Only a number is required: how many lines of the material contain the string "Nike".

START Given records

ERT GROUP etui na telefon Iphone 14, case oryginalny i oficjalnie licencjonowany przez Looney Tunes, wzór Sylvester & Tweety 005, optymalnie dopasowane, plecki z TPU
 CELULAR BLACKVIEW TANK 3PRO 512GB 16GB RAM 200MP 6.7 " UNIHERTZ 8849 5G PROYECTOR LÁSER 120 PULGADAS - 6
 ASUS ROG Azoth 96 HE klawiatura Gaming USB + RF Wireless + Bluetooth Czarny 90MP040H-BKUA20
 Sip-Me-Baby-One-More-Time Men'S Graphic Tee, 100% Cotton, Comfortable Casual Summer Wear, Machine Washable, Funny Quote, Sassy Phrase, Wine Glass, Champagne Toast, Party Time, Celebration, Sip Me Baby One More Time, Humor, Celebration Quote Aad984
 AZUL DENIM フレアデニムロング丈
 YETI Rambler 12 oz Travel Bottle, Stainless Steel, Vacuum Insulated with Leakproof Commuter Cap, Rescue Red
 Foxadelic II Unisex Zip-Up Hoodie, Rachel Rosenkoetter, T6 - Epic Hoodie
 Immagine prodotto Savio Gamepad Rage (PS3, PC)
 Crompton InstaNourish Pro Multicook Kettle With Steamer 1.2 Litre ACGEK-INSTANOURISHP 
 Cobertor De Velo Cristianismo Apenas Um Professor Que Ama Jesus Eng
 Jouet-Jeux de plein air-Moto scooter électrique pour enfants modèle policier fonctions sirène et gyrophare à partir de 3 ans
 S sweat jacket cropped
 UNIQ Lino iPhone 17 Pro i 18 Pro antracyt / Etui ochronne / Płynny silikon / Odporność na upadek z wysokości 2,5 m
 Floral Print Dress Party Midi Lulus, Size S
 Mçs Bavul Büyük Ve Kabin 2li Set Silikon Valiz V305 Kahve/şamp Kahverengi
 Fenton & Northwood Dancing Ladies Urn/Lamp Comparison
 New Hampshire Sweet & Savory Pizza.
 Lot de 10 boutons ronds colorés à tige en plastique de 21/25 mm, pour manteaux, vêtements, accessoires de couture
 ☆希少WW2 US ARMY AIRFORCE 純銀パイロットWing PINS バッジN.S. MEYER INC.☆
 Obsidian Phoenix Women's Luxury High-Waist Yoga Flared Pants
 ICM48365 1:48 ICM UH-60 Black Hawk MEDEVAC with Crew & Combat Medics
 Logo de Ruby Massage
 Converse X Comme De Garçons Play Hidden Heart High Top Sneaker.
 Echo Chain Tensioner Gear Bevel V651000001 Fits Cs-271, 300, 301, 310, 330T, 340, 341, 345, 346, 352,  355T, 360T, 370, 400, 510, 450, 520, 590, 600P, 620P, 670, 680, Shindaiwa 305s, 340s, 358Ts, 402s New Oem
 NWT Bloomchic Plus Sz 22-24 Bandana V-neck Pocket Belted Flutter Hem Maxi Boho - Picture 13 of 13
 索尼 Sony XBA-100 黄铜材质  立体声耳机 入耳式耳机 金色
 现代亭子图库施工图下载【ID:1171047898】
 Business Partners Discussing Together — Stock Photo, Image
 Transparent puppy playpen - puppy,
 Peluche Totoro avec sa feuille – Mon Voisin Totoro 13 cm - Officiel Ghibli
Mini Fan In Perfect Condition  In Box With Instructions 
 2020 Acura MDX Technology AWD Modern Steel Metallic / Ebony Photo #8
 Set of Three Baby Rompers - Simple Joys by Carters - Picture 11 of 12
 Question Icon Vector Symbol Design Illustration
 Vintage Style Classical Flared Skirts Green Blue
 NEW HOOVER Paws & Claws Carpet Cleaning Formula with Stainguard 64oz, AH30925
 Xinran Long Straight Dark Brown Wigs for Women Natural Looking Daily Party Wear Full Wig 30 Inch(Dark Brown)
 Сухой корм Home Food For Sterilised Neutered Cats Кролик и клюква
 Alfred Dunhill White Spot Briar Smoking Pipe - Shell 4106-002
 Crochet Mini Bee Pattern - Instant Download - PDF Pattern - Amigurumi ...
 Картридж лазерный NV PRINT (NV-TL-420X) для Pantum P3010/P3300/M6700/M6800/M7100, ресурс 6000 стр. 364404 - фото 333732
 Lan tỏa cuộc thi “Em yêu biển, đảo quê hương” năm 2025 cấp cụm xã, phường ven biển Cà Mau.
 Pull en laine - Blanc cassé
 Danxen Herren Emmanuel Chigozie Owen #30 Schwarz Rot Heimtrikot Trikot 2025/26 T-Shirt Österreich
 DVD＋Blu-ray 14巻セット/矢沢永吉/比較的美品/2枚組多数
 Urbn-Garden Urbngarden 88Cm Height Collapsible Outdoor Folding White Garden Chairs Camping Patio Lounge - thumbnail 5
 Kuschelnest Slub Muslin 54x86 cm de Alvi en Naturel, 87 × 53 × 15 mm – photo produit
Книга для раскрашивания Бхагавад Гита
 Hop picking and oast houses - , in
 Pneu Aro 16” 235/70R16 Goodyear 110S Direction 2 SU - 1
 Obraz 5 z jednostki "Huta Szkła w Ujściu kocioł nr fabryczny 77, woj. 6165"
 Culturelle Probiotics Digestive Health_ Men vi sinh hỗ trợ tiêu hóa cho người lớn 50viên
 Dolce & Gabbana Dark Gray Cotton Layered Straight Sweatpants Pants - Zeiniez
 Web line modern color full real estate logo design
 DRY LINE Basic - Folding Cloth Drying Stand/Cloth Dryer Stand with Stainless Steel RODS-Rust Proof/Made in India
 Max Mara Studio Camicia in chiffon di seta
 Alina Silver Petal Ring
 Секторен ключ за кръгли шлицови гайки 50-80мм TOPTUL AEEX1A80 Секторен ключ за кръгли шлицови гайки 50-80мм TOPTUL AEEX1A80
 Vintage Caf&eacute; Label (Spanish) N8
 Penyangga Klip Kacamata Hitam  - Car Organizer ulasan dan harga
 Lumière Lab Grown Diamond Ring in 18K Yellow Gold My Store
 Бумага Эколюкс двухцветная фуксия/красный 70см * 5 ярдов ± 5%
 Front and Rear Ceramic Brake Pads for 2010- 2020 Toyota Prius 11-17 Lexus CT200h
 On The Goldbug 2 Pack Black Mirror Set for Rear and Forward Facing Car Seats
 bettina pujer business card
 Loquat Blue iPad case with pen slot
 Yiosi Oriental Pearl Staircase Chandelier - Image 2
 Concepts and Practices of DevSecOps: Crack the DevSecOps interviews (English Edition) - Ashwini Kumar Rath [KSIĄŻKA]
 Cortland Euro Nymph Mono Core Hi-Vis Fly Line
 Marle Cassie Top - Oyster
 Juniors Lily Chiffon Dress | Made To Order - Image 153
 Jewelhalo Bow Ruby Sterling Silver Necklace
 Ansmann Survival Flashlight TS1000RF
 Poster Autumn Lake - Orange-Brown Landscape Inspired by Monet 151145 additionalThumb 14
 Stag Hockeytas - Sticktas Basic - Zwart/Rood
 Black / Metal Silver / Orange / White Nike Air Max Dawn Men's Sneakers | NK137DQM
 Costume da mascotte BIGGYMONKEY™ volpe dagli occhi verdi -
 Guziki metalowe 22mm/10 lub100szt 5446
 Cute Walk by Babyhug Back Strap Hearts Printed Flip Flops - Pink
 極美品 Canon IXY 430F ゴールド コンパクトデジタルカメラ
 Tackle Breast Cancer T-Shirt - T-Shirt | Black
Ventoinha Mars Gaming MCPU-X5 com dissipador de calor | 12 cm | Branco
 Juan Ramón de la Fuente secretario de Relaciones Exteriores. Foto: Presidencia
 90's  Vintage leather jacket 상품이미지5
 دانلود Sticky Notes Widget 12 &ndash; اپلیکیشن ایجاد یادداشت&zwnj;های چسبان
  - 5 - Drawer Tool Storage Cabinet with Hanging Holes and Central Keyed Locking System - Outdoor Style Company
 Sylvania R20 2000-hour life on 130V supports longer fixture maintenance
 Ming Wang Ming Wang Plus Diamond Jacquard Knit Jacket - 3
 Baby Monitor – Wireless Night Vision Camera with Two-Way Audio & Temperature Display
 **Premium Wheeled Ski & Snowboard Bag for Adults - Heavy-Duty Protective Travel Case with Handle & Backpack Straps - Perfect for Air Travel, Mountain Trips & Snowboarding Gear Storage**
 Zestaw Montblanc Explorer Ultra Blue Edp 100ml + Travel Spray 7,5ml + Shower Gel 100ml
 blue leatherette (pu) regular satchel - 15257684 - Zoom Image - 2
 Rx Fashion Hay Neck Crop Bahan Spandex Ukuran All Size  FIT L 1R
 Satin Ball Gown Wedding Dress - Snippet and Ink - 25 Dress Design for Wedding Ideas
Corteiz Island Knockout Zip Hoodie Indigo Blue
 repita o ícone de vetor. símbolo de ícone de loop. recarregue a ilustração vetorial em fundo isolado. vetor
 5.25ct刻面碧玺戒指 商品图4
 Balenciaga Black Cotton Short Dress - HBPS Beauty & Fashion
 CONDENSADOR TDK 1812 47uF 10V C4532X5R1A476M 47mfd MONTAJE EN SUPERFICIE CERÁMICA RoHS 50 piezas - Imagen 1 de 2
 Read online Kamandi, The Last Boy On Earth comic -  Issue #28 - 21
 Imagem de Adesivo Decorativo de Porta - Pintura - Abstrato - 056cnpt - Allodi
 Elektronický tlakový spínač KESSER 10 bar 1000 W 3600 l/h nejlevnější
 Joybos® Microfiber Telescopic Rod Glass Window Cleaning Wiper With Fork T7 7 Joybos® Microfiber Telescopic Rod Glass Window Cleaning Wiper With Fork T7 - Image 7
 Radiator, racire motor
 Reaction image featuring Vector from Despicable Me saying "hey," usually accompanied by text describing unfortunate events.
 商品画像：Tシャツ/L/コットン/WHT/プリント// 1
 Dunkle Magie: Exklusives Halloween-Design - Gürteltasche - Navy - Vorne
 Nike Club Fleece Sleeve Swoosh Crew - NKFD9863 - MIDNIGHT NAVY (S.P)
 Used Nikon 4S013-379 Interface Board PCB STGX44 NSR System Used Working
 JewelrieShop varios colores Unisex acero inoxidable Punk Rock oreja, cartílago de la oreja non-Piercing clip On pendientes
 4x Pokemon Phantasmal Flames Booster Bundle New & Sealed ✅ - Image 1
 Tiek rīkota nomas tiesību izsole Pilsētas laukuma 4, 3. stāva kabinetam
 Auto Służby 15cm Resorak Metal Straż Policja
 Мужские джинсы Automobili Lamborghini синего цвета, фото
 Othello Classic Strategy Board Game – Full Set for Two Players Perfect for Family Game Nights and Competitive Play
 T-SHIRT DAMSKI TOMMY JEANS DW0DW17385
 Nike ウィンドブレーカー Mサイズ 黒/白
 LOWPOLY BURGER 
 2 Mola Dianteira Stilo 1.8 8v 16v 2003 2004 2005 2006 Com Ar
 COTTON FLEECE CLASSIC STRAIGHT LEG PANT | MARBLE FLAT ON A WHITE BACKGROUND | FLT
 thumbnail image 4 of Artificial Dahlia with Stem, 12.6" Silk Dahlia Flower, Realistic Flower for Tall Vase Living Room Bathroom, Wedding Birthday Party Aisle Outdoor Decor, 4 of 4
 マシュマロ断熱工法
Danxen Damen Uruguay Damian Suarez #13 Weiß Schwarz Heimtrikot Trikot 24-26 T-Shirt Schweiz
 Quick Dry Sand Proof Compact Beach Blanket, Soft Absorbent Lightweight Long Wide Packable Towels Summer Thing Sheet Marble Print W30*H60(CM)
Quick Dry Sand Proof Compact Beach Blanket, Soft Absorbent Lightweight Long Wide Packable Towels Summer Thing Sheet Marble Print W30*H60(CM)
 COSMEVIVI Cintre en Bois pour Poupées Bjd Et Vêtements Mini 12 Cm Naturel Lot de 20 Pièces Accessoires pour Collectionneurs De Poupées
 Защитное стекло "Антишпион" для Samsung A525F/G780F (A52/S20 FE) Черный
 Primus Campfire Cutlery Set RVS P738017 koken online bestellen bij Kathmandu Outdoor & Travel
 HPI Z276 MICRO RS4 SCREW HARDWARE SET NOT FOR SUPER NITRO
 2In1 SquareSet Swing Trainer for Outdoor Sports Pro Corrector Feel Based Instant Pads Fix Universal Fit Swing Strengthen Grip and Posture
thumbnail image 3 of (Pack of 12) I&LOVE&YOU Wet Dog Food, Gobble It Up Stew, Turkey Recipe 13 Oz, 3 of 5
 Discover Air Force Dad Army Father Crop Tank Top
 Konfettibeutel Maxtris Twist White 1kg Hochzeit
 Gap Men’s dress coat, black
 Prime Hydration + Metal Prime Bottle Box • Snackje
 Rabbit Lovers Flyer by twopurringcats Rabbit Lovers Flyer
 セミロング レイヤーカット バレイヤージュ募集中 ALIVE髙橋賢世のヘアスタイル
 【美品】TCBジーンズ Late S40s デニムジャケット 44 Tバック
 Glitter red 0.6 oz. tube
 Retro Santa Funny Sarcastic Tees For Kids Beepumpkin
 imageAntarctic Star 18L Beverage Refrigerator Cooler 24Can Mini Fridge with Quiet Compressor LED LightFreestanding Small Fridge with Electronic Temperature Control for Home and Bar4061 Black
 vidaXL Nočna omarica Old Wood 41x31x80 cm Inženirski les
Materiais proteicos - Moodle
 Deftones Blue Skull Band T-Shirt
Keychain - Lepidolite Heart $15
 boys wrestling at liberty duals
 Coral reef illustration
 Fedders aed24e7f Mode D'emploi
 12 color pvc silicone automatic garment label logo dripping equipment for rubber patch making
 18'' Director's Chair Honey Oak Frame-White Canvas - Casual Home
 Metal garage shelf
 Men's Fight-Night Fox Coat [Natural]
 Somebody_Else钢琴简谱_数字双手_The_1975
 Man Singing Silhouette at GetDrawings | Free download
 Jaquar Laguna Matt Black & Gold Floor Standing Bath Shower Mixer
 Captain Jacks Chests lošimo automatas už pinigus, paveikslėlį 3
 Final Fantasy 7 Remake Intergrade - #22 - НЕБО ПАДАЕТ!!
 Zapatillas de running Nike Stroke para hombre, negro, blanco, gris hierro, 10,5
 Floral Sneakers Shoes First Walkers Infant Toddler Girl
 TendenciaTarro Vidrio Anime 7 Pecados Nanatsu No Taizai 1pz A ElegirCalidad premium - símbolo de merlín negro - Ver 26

END Given records

** Output of the exercise **
4